» **Exercise goal**
Below are some records. Retype exactly the lines from the one containing "Nikel qantel dəsti, 2" through the one containing "Сарафан женский красного", both included, skipping every picture.

═══ Excerpted data ═══

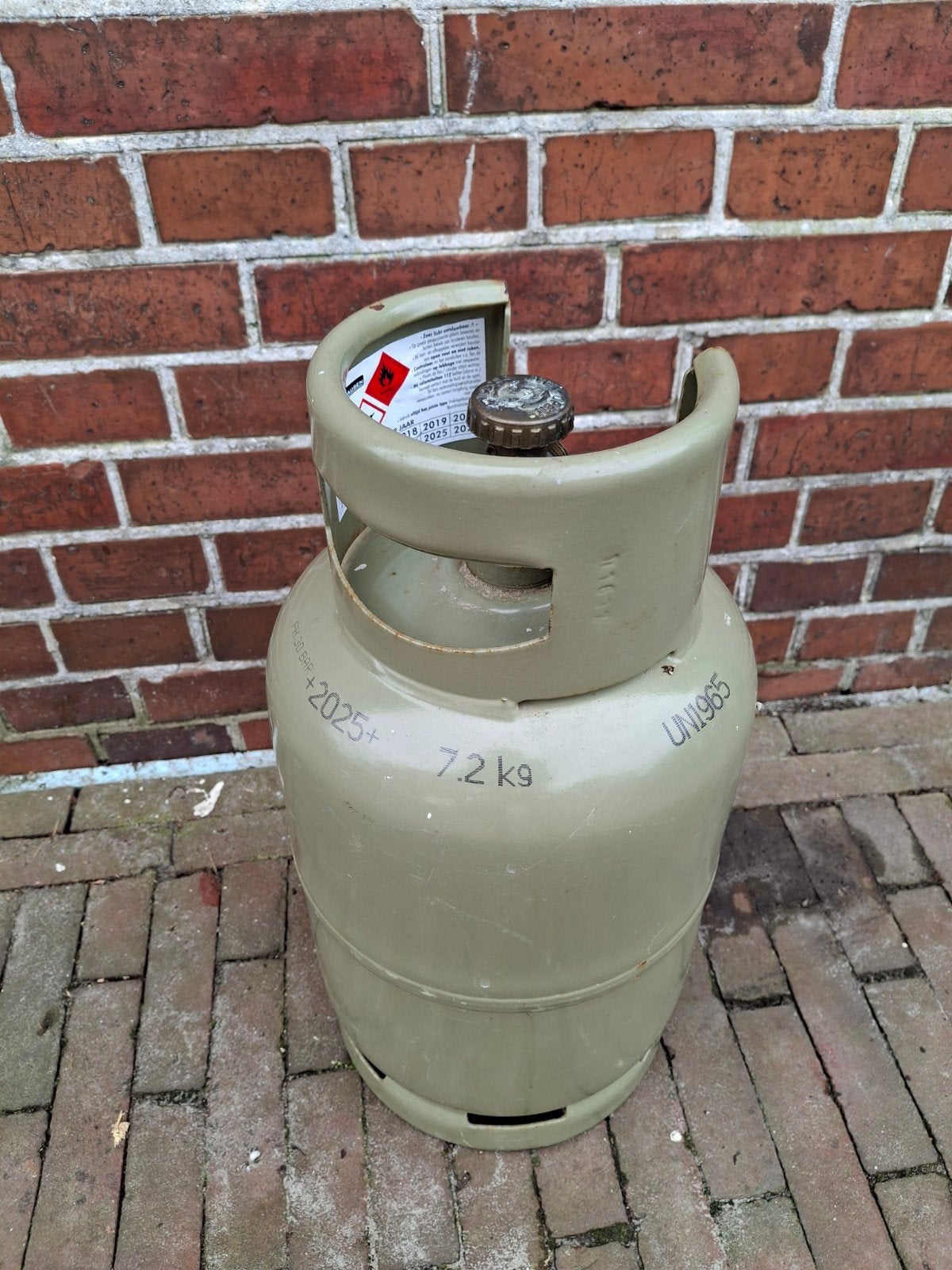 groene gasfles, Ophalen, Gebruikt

═══
═══ Excerpted data ═══

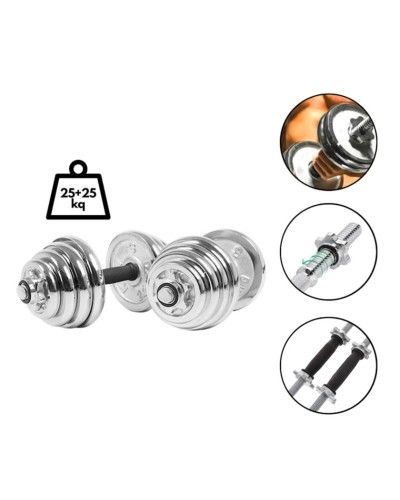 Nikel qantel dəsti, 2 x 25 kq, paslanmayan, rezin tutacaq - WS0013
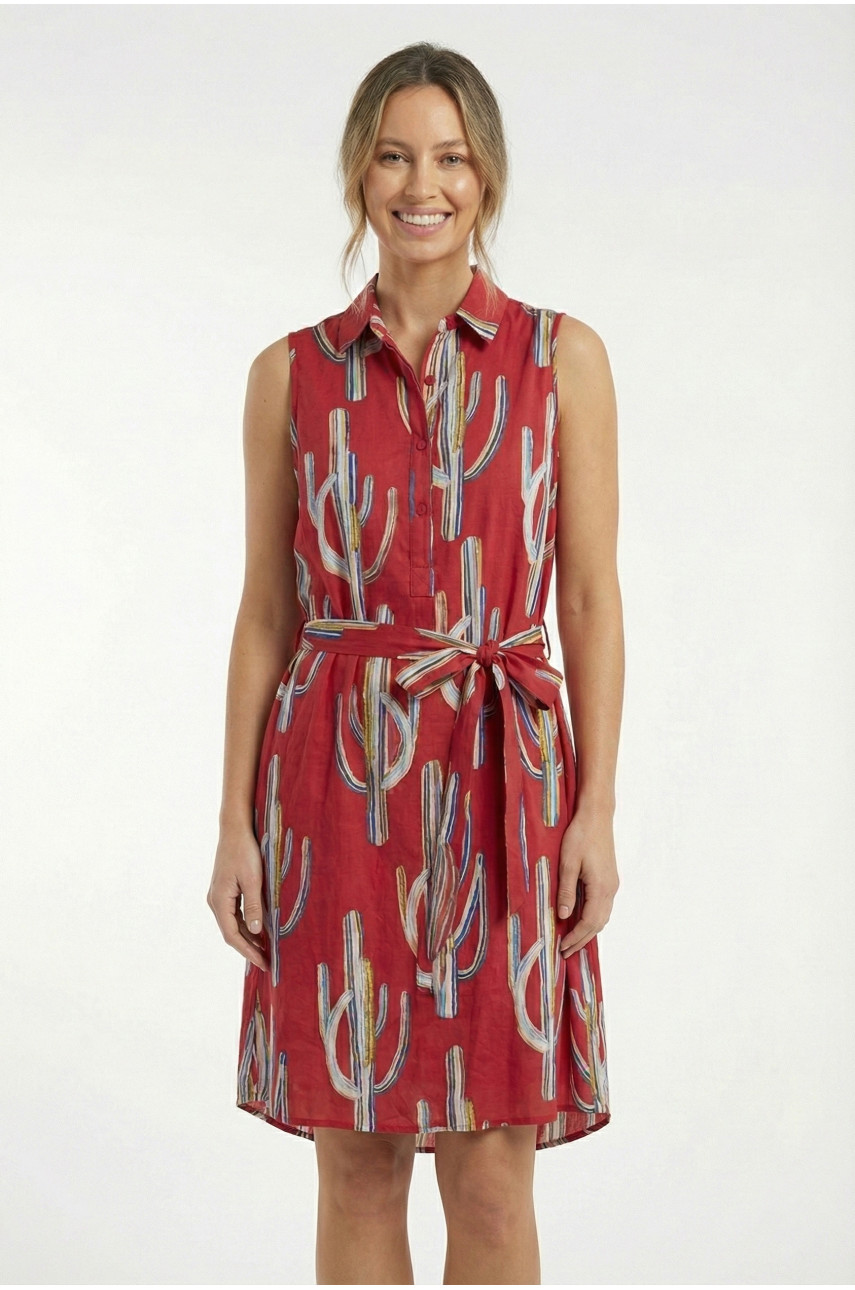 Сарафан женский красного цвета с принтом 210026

═══

» **Result of the exercise**
 Nikel qantel dəsti, 2 x 25 kq, paslanmayan, rezin tutacaq - WS0013
 Сарафан женский красного цвета с принтом 210026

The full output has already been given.